関東では、結婚とともにわたしは帝でなくなった、という解釈が正しいとされた。しかし、皇族を離れたことにはされなかった。彼らはわたしを「明正院」と呼び、「もと天皇」つまり「上皇」の待遇をしてくれる。かの規則をいくらかわたしに有利に運用してくれたのだ。関東の政権としては、関西の政権を正面から敵にまわしたくはないだろうし、徳川家は、わたしとの親戚関係を利用しつづけたいだろう。ただし、彼らは、わたしの子孫には帝の位の継承権はないとする。これは父系主義ならば当然で、わたしの行動によって変わったのではないようだ。

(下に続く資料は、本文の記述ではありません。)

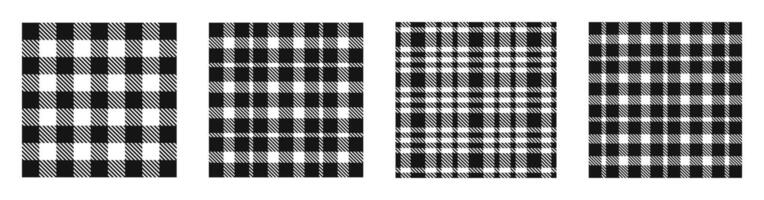 Plaid icons. Plaid pattern set. Lumberjack plaid seamless pattern collection. Flannel shirt pattern. vector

関東の政権、実質的には徳川幕府は、母のちがうわたしの弟を帝にたてた。昔の南北朝と同様な、東西朝の並立が始まったのだ。東朝の帝は、伊賀から鈴鹿の関の東側に移り、熱田神宮の近くに住んでいる。


今の東朝の帝は、まだ少年なのだが、伊賀にいたころのわたしと同じ教師たちの指導を受けているせいか、わたしとは話が合うことがある。わたしは関東あての手紙を「明正院」のはんこを押した紙で包んで出している。弟は返事を「熱田宮」と書いた紙で包んで送ってきた。熱田にある宮殿をさすことは、大坂城を昔の「難波宮なにわのみや」の名で呼ぶことがあるわたしにはわかるが、知らない人には、熱田神宮の神官からの手紙みたいだ。弟はわたしの気づかいを理解して呼応する表現をしてくれたのだと思う。もっとも、こちらは東西朝の並立を公式に認めているのだから、住所をそえてならば、帝と名のってくれてもかまわないのだけれど。たぶん、それもわかったうえでの、遊びのようなものだな。


東朝とのあいだでは、官職の任命についての暗黙の了解ができた。わたしが「征夷大将軍」や「内大臣」を任命しない意向を示して、東朝には「太政大臣」や「右大臣」を任命しないでもらうことにした。また、国司の任命は関西・関東それぞれの範囲内の国名にかぎることにした。